● **Provided data**:
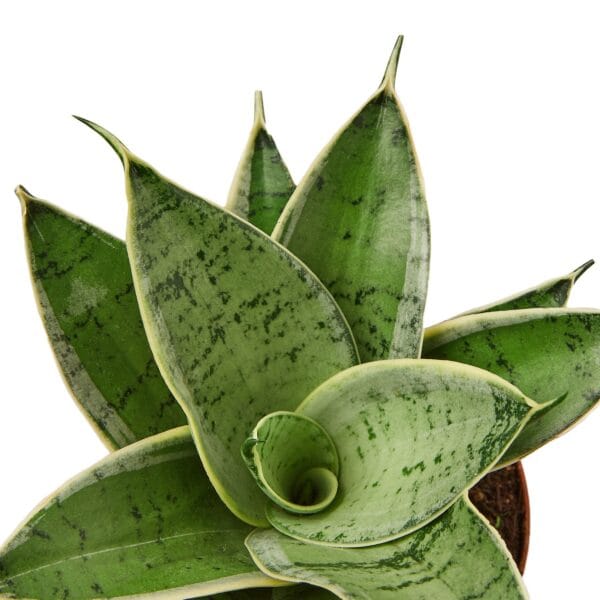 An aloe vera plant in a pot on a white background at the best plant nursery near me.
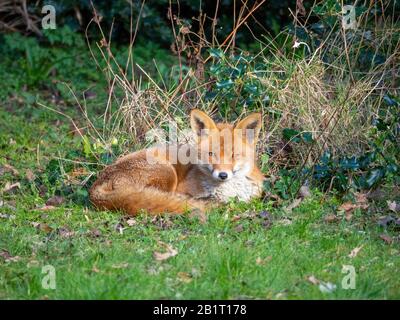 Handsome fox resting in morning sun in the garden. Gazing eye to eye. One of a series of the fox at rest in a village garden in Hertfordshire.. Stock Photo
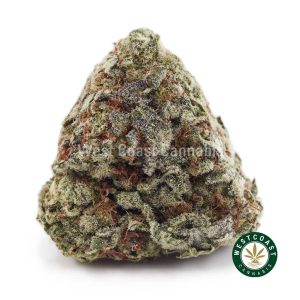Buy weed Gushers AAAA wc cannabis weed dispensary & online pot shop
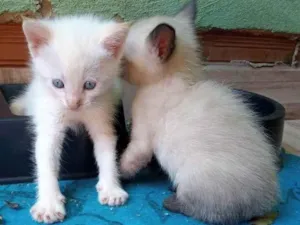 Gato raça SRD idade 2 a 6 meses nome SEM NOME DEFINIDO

--

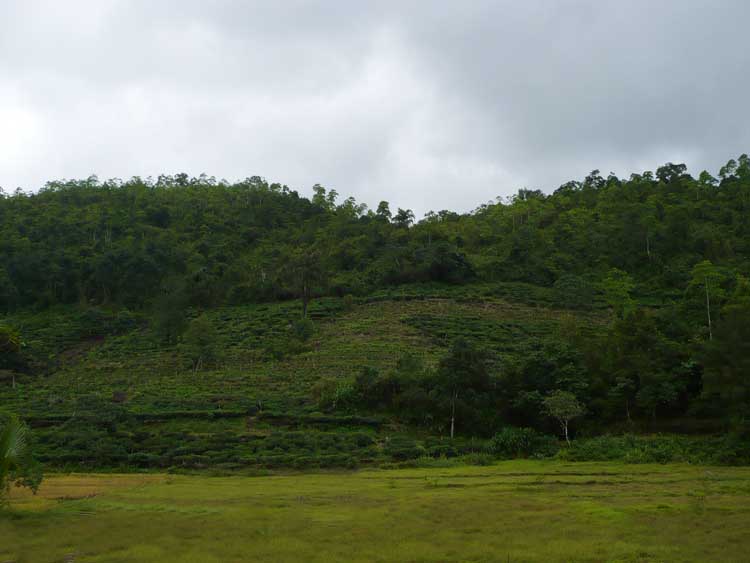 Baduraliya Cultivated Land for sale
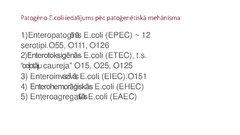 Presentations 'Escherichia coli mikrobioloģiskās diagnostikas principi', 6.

● **What to do**: Your answer must be the exact lines from the records above, from the one containing "An aloe vera" through the one containing "Gato raça SRD", both included, with every picture left out.

● **Written answer**:
 An aloe vera plant in a pot on a white background at the best plant nursery near me.
 Handsome fox resting in morning sun in the garden. Gazing eye to eye. One of a series of the fox at rest in a village garden in Hertfordshire.. Stock Photo
Buy weed Gushers AAAA wc cannabis weed dispensary & online pot shop
 Gato raça SRD idade 2 a 6 meses nome SEM NOME DEFINIDO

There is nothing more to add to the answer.